Constructed TiO₂/WO₃ heterojunction with strengthened nano-trees structure for highly stable electrochromic energy storage device

Tungsten trioxide (WO₃) has been widely regarded as a prospective bifunctional material due to its electrochromic and pseudocapacitive properties, while still facing the dilemma of inadequate cycle stability and trapping-induced degradation. Here, inspired by the trees-strengthening approach, a unique titanium dioxide (TiO₂) nanorod arrays strengthened WO₃ nano-trees (TWNTs) heterojunction was rationally designed and constructed. In sharp contrast to the transmittance modulation (ΔT) attenuation of primary WO₃ nano-trees during cycling, the TWNTs film showed not only excellent electrochromic performance but also fascinating cycle stability (77.35% retention of the initial ΔT after 10,000 cycles).
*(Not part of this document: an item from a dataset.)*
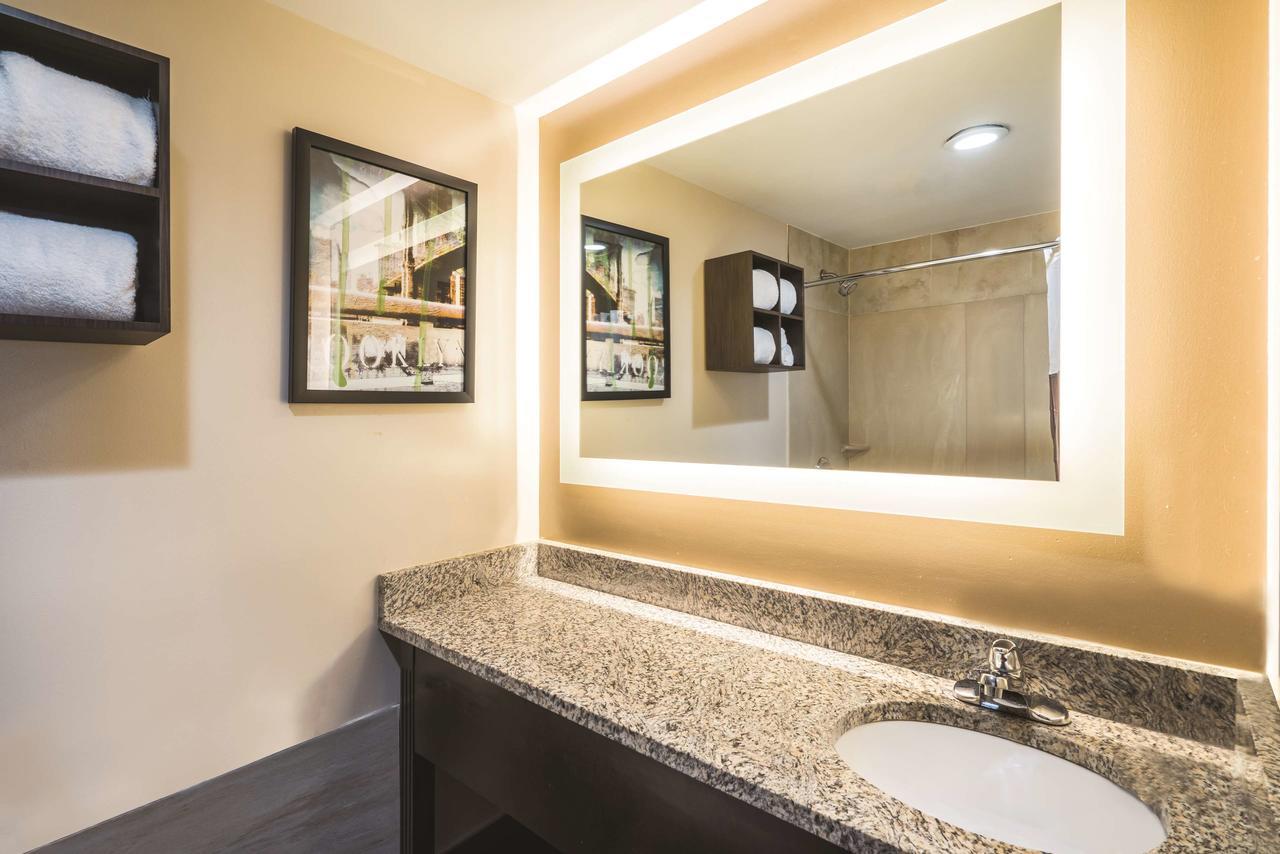 Hotel La Quinta By Wyndham Brooklyn Downtown New York Esterno foto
Besides, the trapping-induced degradation could be easily rejuvenated by a potentiostatic de-trapping process. An electrochromic energy storage device (EESD) was further assembled based on the TWNTs film to deliver excellent ΔT (up to 79.5% at 633 nm), fast switching speed (t_c/t_b =1.9 s/14.8 s), extremely high coloration efficiency value (443.4 cm²·C⁻¹), and long-term cycle stability (over 10,000 charge/discharge cycles). This innovative study provided in-depth insights into the electrochromism nature and a significant step in the realization of stable electrochromic-energy storage application, paving the way for multifunctional smart windows as well as next-generation optoelectronic devices.